An interesting point: Arthur's paper postulates the Langlands group as an extension of the usual
Galois group by a (pro-) locally compact group whereas the motivic Galois group is an extension
of the usual Galois group by a pro-algebraic group. An illustration of the difference is provided
by the case of abelian motives; the Langlands group is the abelianisation of the Weil group
whereas the motivic group is the Taniyama group (see references below).
But the Tannakian outlook, despite its present inaccessibility, has already made a profound impact. See Langlands paper "Ein Marchen etc" (where the Tannakian aspect was first written out with many consequences for the Taniyama group (Milne's notes)) as well as
Serre's book Abelian l-adic representations for many references.
Nothing seems to be known regarding the second question. However, see (page 6 of) these comments of Langlands:
"Although there is little point in premature speculation about the form that the final theory connecting automorphic forms and motives will take, some anticipation of the possibilities has turned out to be useful. Motivic $L$-functions, in terms of which Hasse-Weil zeta functions are expressed, are introduced in a Tannakian context.
....
An adequate Tannakian formulation of functoriality and of the relation between automorphic representations and motives ([Cl1, Ram]) will presumably include the Tate conjecture ( [Ta] ) as an assertion of surjectivity. The Tate conjecture itself is intimately related to the Hodge conjecture whose formulation is algebro-geometrical and topological rather than arthmetical. ..."

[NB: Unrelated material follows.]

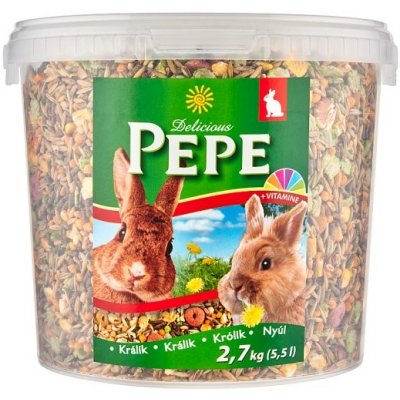 Pepe Králík 2,7 kg – Zboží Mobilmania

The references here are to Clozel and Ramakrishnan's papers and then Tate's paper for the Tate conjecture.
This is just a rough answer from a novice..for a precise and detailed answer, let us wait for the experts!
Best Answer
"Langlands for $n = 2$", to the extent that such a notion is defined, is more than just Shimura--Taniyama, and for even Galois representations/Maass forms, it is still very much open. (See here for more on this.) For odd Galois representations of dimension $2$, though, it is completely (or almost completely, depending on exactly what you mean by "Langlands") resolved at this point, with the proof of Serre's conjecture (by Khare, Wintenberger, and Kisin) playing a pivotal role.
Much is known for $n > 2$ (see the web-pages of e.g. Michael Harris, Richard Taylor, and Toby Gee). A key point is that it is hard to say anything outside the essentially self-dual case (and this is a condition which is automatic for $n = 2$). A second is that Serre's conjecture is not known in general.
If one restricts to the regular (corresponding to weight $k \geq 2$ when $n = 2$), essentially self-dual case (automatic when $n = 2$), then basically everything for $n = 2$ carries over to $n > 2$, with the exception of Serre's conjecture. (See e.g. the recent preprint of Barnet-Lamb--Gee--Geraghty--Taylor.)
So really, what is special for $n = 2$ is that Serre's conjecture was able to be resolved. And the reason that this has (so far) been possible only for $n = 2$ is that the proof depends on certain special facts about $2$-dimensional Galois representations.
More specifially:
In the particular case of Shimura--Taniyama, the Langlands--Tunnell theorem allowed Wiles to resolve a particular case of Serre's conjecture (for $p = 3$). To then get all the necessary cases of Serre's conjecture, Wiles introduced the $3$-$5$ switch.
The general proof of Serre's conjecture uses a massive generalization of the $3$-$5$ switch (along with many other techniques), and although (unlike with Wiles's argument) it doesn't build specifically on Langlands--Tunnell, it does build on a result of Tate which is a special fact about $2$-dimensional representations of $G_{\mathbb Q}$ over a finite field of characteristic $2$.